[The problem]: Take the line that contains "Professionelles Digitales Sofort" and all lines after it, up to and including the last line of the data, and write them out exactly; nothing else belongs in the answer.

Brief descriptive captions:
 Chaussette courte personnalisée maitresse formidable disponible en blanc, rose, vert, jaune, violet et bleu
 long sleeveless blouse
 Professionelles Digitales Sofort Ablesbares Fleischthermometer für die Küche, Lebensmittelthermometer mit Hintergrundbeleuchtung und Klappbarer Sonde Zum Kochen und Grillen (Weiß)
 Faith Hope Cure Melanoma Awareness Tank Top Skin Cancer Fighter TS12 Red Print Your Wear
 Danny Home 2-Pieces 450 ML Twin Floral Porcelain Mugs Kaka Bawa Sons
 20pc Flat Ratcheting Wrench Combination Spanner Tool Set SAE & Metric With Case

[Finished exercise]:
 Professionelles Digitales Sofort Ablesbares Fleischthermometer für die Küche, Lebensmittelthermometer mit Hintergrundbeleuchtung und Klappbarer Sonde Zum Kochen und Grillen (Weiß)
 Faith Hope Cure Melanoma Awareness Tank Top Skin Cancer Fighter TS12 Red Print Your Wear
 Danny Home 2-Pieces 450 ML Twin Floral Porcelain Mugs Kaka Bawa Sons
 20pc Flat Ratcheting Wrench Combination Spanner Tool Set SAE & Metric With Case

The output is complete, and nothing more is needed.